Abstract
Objective: Gastric cancer (GC) is recognized as one of the prevailing solid malignant tumors globally, with a notable rate of recurrence and metastasis. Therefore, this study utilized database mining to analyze potential key genes (hub genes) that are associated with the progression and prognosis of GC, aiming to offer new clues for the prognosis and targeted treatment for GC.

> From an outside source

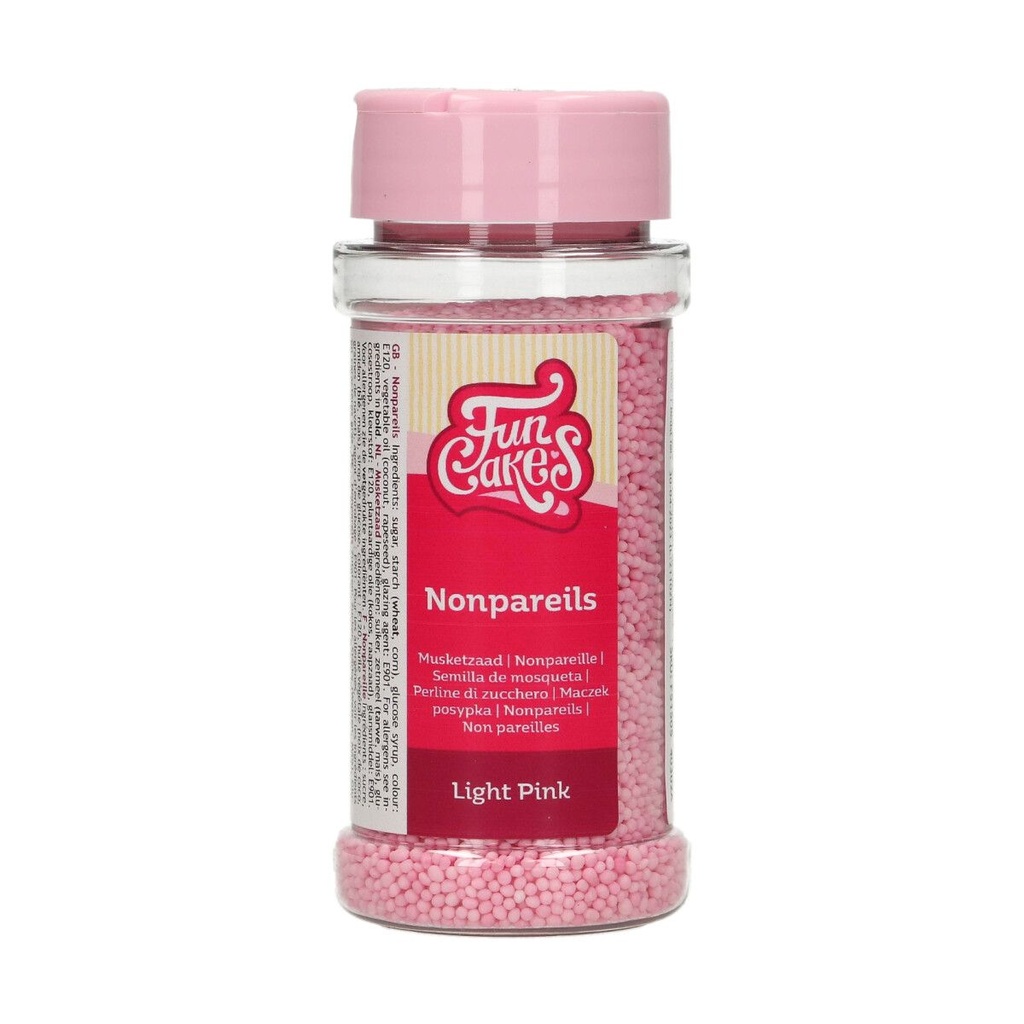 FunCakes Nonpareils Lichtroze 80g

Methods: This study utilized the GSE79973 dataset from the GEO to conduct DEGs in conjunction with the WGCNA. Kyoto Encyclopedia of Genes and Genomes (KEGG) enrichment analysis was performed on disease-characteristic differentially expressed genes. In addition, a PPI network through the STRING database to screen for characteristic genes involved in the molecular mechanisms of GC. The diagnostic capabilities of these characteristic genes were ascertained through ROC curve analysis, integrating the clinical data of GC from TCGA.
Results: Systematic bioinformatics analysis pinpointed four genes—COL1A1, COL1A2, COL4A1, and TLR2—as closely related to the onset and progression of GC. ROC curve revealed their robust diagnostic and prognostic capabilities for GC (AUC(COL1A1)=0.9478, AUC(COL1A2)=0.8768, AUC(COL4A1)=0.8482, AUC(TLR2)=0.8452, all P < 0.0001), presenting significant clinical translational application value.
Conclusion: As newly discovered functional genes closely related to the onset and progression of GC, COL1A1, COL1A2, COL4A1, and TLR2, can be deemed as novel biomarkers for clinical diagnosis of GC, paving the way for new effective targets in the treatment of GC.